La luce traspariva appena da un pertugio tondo, tutto sbarrato da grosse, sporche ragnatele.

Nel tetro tugurio dei ragni, Frica singhiozzava forte ogni giorno.

Frica non era più la servetta delle graziose comari lumache, era la servetta dei brutti ragni tessitori.

I ragni tessitori erano padroni pelosi e cattivi. Ogni giorno pretendevano che Frica cuocesse per loro l’arrosto di mosche.

Lunghissime schidionate di gialle mosche.

Nel tetro tugurio dei ragni, Frica singhiozzava forte ogni giorno e aveva tanta paura.

 

Cicale e passerotti lo raccontarono alle comari lumache:

- Frica singhiozza forte nel tetro tugurio dei ragni.

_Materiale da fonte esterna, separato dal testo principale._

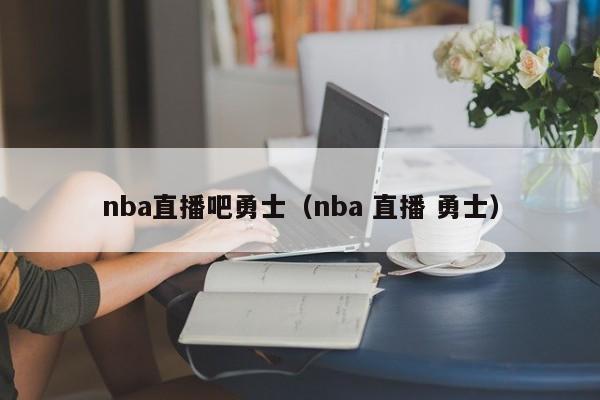 nba直播吧勇士（nba 直播 勇士）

Oh... bisognava liberare Frica!

Come potrebbero star chiusi in prigionia i piccoli piedi veloci?

 

Lumacuscia stava per partire per il lungo e difficile viaggio.

Con gli occhietti rotondi appuntati in cima alle pallide cornella, la guardavano stupite, Lumachetta e Lumachina.

Lumacuscia stava per partire per il lungo e difficile viaggio.

 
 

 

 

 

 

 

 

 


Per vederla ancora una volta, Lumachetta e Lumachina sporsero le pallide cornella al di là dell’usciolino. Ora Lumacuscia era scomparsa dietro una pelosa foglia di ortica.

 

La palla d’oro del sole, si affacciava appena dietro il monte.

Tra le grandi foglie umide dell’ortica, viaggiava agile, la piccola Lumacuscia.

La palla d’oro del sole, era altissima nel cielo.

Tra le foglie aride dell’ortica, viaggiava viaggiava, la piccola Lumacuscia.

La palla d’oro del sole, era stata inghiottita dietro la quercia nera.

Tra le foglie pungenti dell’ortica, viaggiava stanca la piccola Lumacuscia.

 

Cicale e passerotti lo raccontarono a Frica.

Da sette giorni e sette notti viaggiava, viaggiava la piccola Lumacuscia. Forse, fra tre mesi, sarebbe quasi arrivata.

 

 

 

 

 

Nel tetro tugurio dei ragni, ora Frica non singhiozzava più.

Di nascosto, sceglieva ogni giorno un filino della ragnatela più grossa.

Di nascosto, intesseva ogni giorno, una lunga e solida corda.

                 Un filino, due filini, tre filini...

                 Cento fili, per intesser questa corda.

                 Passa un mese, passan due, ne passan tre.

                 Passa un giorno, passa un’ora e un minutino...

Due cornella, due cornella!

Lumacuscia è già arrivata.

 

Come è stanca Lumacuscia!

Stanca, stanca, Lumacuscia.

Tanto stanca, Lumacuscia!

Nel tetro tugurio dei ragni, la piccola Lumacuscia riposava tanto stanca, sulla fresca manina di Frica.

Ora che i cattivi padroni non erano in casa, bisognava far presto a fuggire.

Giù, giù dal pertugio tondo, con la corda di cento fili...

Un bel volo ed ora... un salto.

Tic - tic- tic- tic...

 

Tic - tic- tic- tic...

Nella casettina piccina di nuovo si udiva, per tutto il giorno, un suono di pioggerella d’estate: era il tic - tic dei piedini veloci di Frica.

 

Ma al tetro tugurio dei ragni tessitori, aspettavano neri i corvi gendarmi.